Exercise
Retype the material that follows exactly, limited to the lines from the one with "Diagram for 2013" through the one with "Wholesale Christmas Clothes, Hats, Deer", and keep out all pictures.

Dataset
━━━━━━━━━━
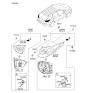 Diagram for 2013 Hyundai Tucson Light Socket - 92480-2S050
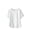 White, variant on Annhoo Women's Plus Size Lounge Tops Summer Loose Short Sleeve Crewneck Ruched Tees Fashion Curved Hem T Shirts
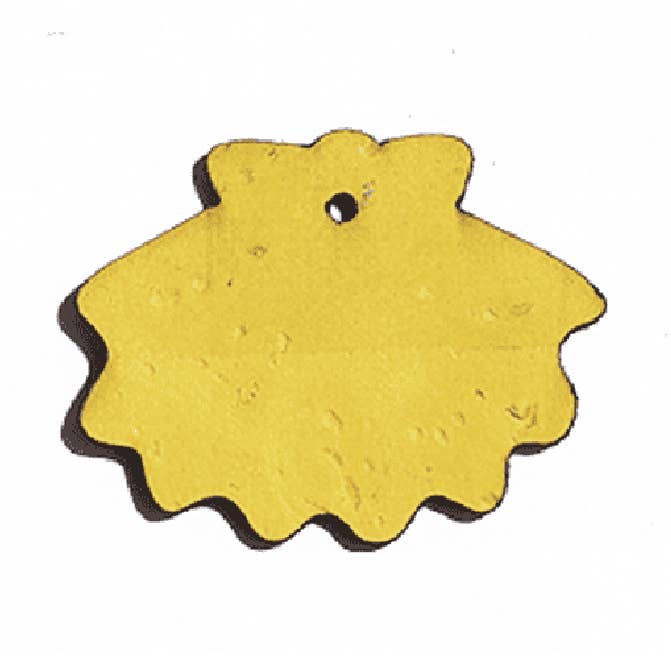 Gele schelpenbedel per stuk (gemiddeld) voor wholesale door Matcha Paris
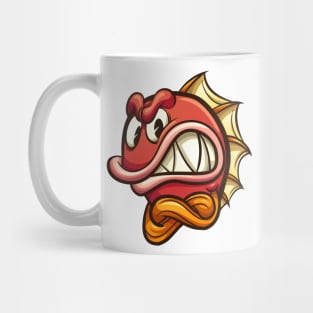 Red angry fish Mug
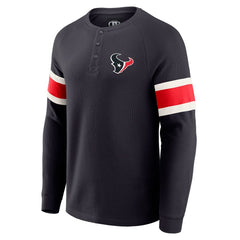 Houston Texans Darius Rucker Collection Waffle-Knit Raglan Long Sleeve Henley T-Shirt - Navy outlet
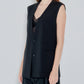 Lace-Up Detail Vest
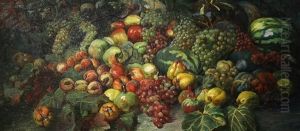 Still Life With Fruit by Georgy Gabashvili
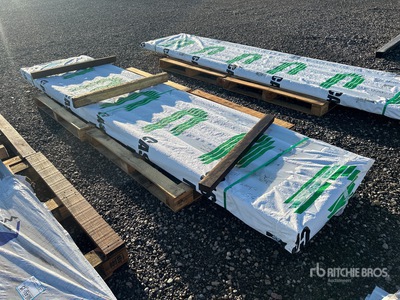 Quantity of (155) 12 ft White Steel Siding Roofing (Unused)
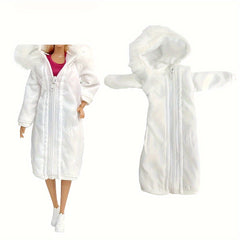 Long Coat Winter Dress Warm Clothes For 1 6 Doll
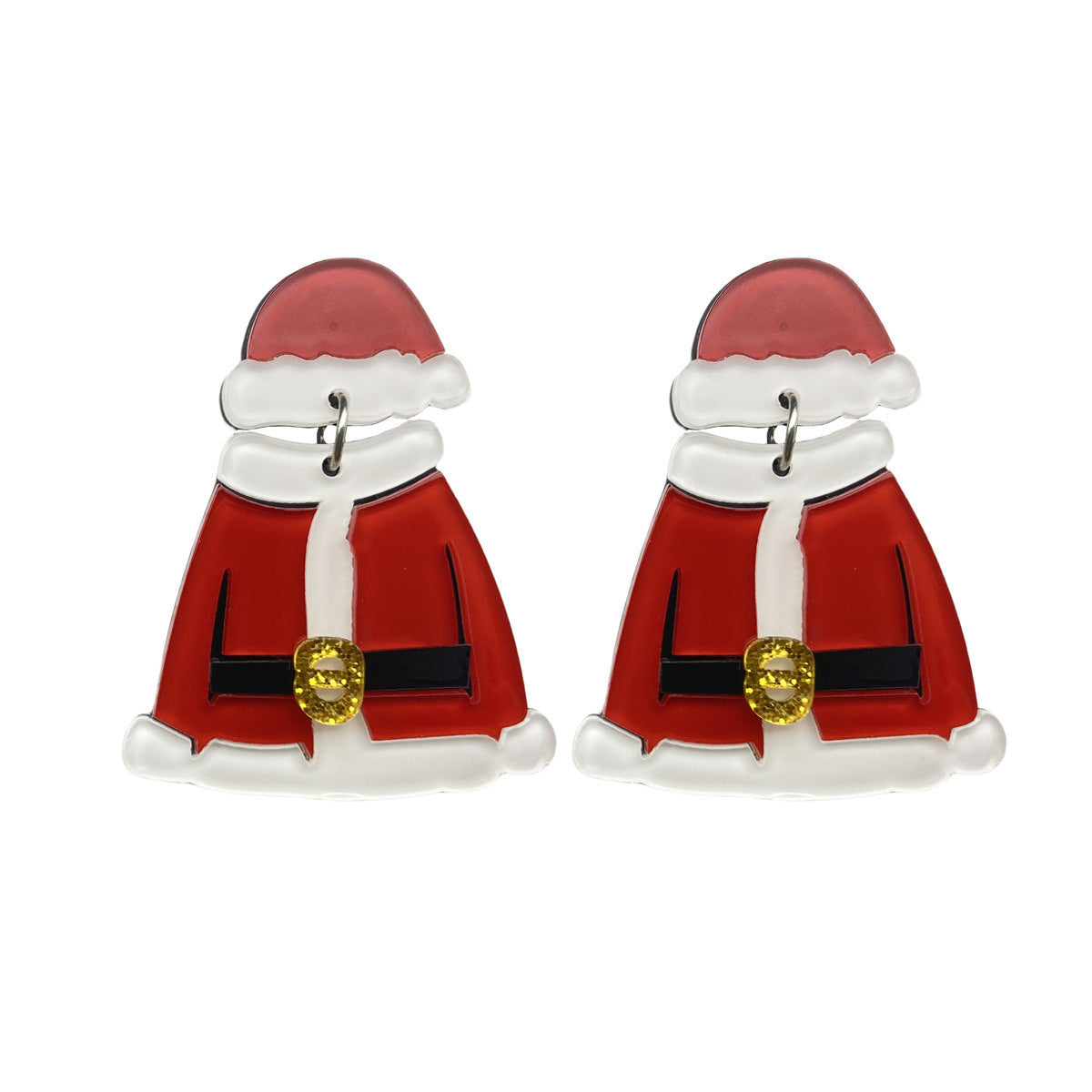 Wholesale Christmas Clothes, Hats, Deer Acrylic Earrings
━━━━━━━━━━
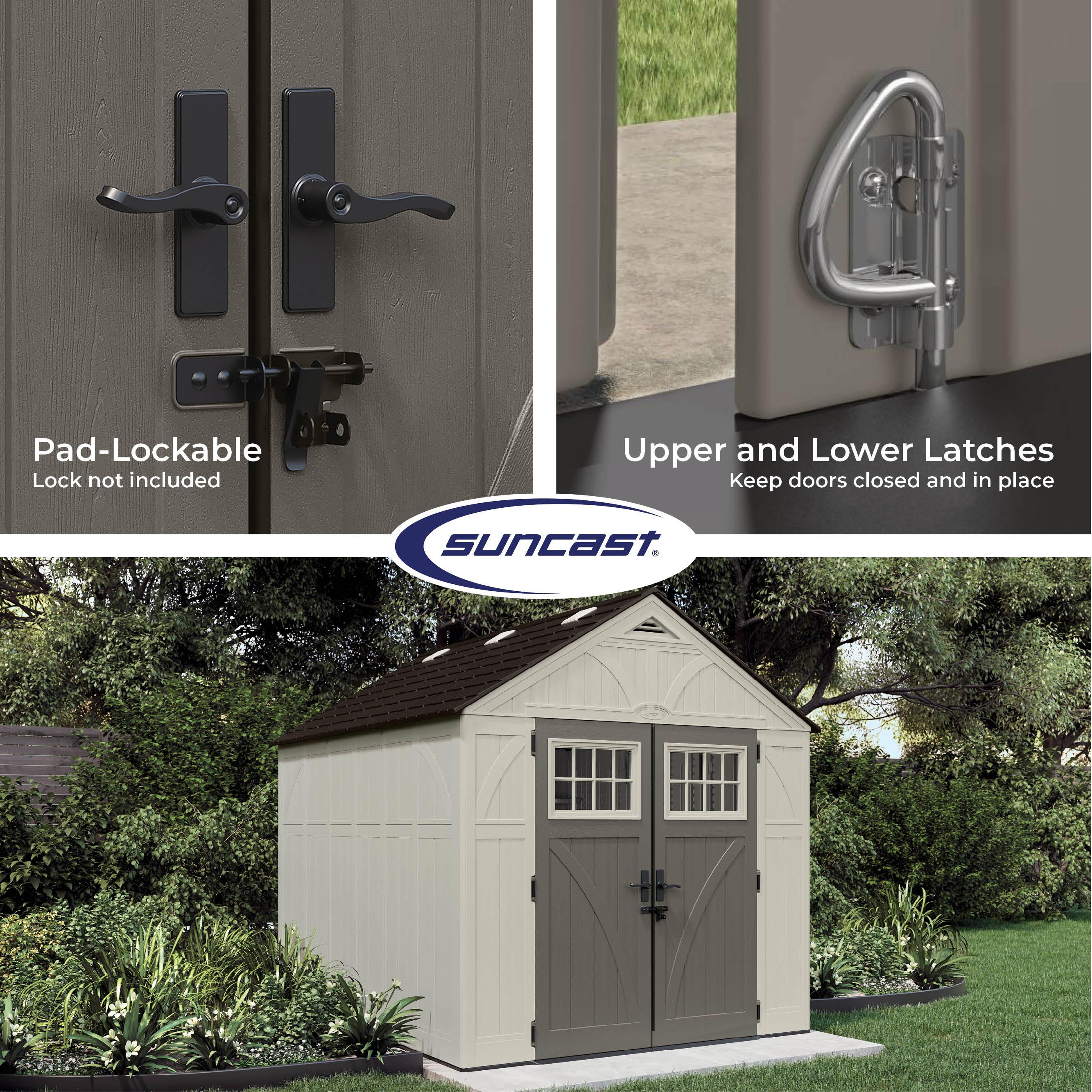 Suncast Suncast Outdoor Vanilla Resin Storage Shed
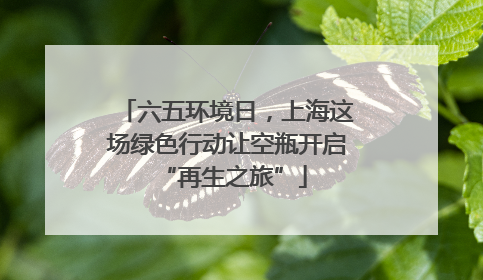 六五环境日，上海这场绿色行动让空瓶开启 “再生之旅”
━━━━━━━━━━
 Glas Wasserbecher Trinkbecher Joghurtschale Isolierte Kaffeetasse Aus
━━━━━━━━━━
Answer to this exercise
 Diagram for 2013 Hyundai Tucson Light Socket - 92480-2S050
 White, variant on Annhoo Women's Plus Size Lounge Tops Summer Loose Short Sleeve Crewneck Ruched Tees Fashion Curved Hem T Shirts
 Gele schelpenbedel per stuk (gemiddeld) voor wholesale door Matcha Paris
 Red angry fish Mug
 Houston Texans Darius Rucker Collection Waffle-Knit Raglan Long Sleeve Henley T-Shirt - Navy outlet
 Lace-Up Detail Vest
 Still Life With Fruit by Georgy Gabashvili
 Quantity of (155) 12 ft White Steel Siding Roofing (Unused)
 Long Coat Winter Dress Warm Clothes For 1 6 Doll
 Wholesale Christmas Clothes, Hats, Deer Acrylic Earrings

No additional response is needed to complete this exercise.